After “Silly Sammy Sang Off Key” flopped, Denny & Jay moved to Fred Astaire’s AVA label.
“But we never recorded under our names,” Cubbage said. “We were contractually bound to record four sides for them, and they ‘forced’ us to sing two pieces written on November 22, 1963, the day of the assassination of President Kennedy. We thought the tunes were a terrible embarrassment—as I recall, the names of the songs were ‘We Love You JFK’ and ‘God Bless You, JFK’—but we recorded them under the name of the Patriots. The minute we heard the pieces we thought they were dreadful and bordered on being terrible. The fact that the President had just been killed hours before seemed too opportunistic. Billboard called the record a ‘turkey served up by AVA and a group calling themselves the Patriots.’”
But after a different studio session, producer Jack Lewis had Denny & Jay record two tunes he had written, “H-U-R-T” and “Two Lies.” Capitol Records liked them enough to buy out the duo’s contract with AVA. Denny & Jay became Capitol recording artists and received the up-and-coming star treatment—new clothes, publicity pictures, travel expenses and “gigs” in Denver on TV and at record stores where “H-U-R-T” was being featured.
“Denny and I were getting recognized in the Denver area, but in Hollywood no one knew who we were,” Cubbage said. “If we were off to a gig or a photo shoot, we’d have our guitars with us and we were at least ‘noticed.’ One day on Hollywood Boulevard, while on our way to Capitol, a young girl rushed up to us and enthusiastically said, `I know you! You’re…you’re…you’re Jan & Dean!’ So much for being teen idols.”
Denny & Jay did a record autograph tour as “H-U-R-T” hit #2 in Denver on July 6, 1964.
“We did a television spot and several radio spots. We were in Denver for several days before flying back to L.A. for a gig. I still have letters from young girls expressing their undying love for us—‘You guys are the coolest, and I LOVE your music!’”

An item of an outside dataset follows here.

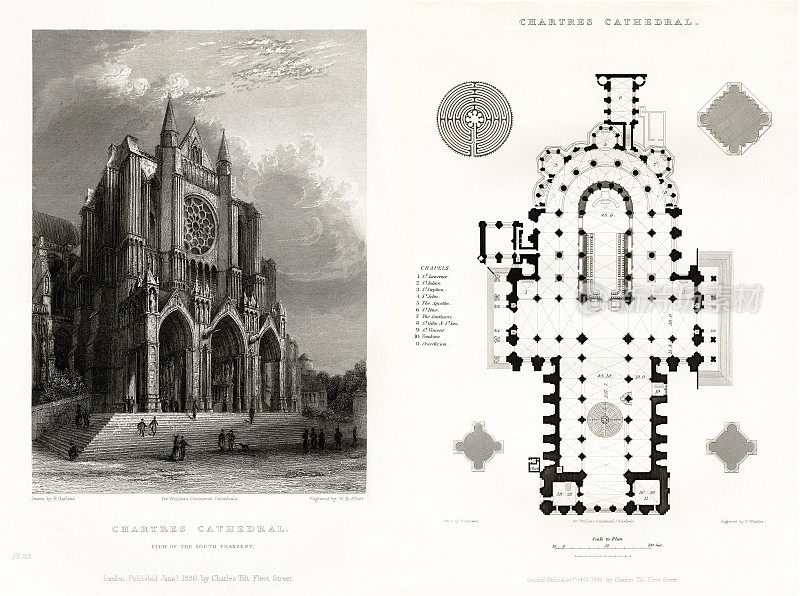 法国大教堂，沙特尔大教堂，鲁昂，法国，古董法国版画，1837年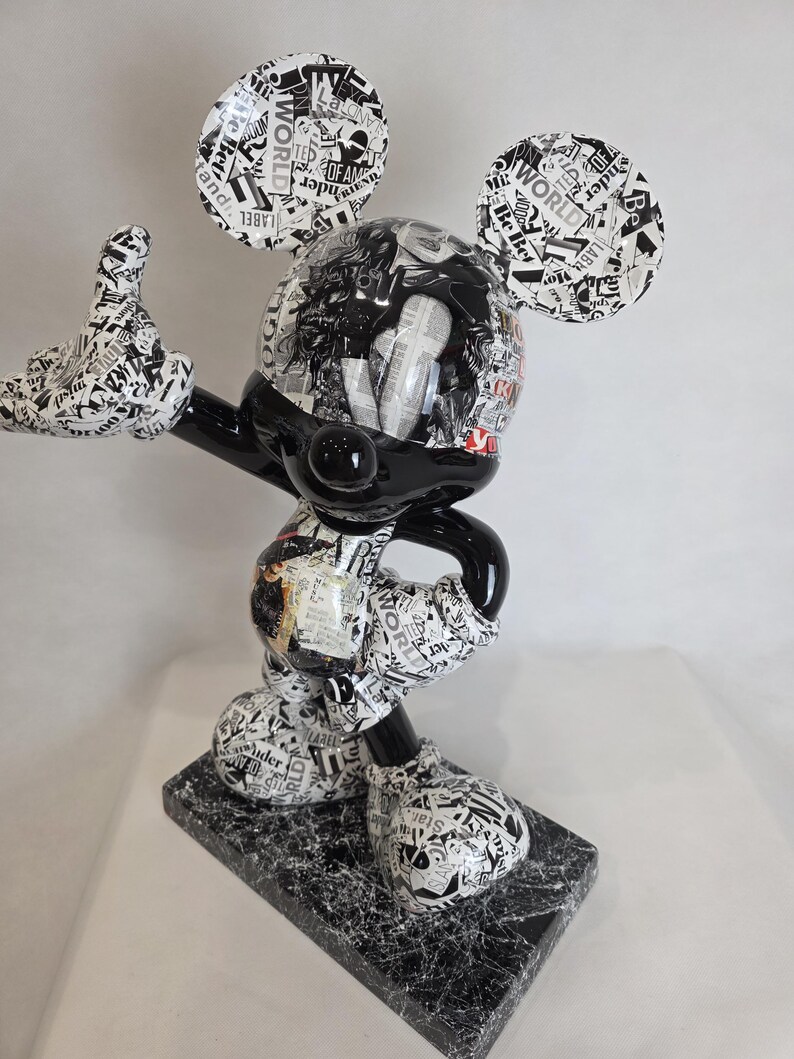 ArtBrut By Ann - Escultura pop art do Mickey Mouse em preto e branco, edição limitada, estatueta de luxo do Mickey, esculturas exclusivas feitas à mão, loja de presentes. imagem 18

“H-U-R-T” was released “with a bullet” (given to a record with upward momentum on the charts), but then the Beatles invaded America. What surely hurt Denny & Jay was that their sound was a throwback to bygone teen idols, with hair teased up high—this at a time when four mop-topped British boys were the new rage. Many established artists saw their careers tumble, and Denny & Jay, with their throwback teen-idol sound, were lost in the shuffle as well.
Due to differences of opinion and a sagging career, Denny & Jay went their separate ways in 1965. Rockwell recorded a piece for the Beatles-owned Apple Records that was never released. The youngsters from northern Colorado returned to the “real world” after getting a small taste of show business.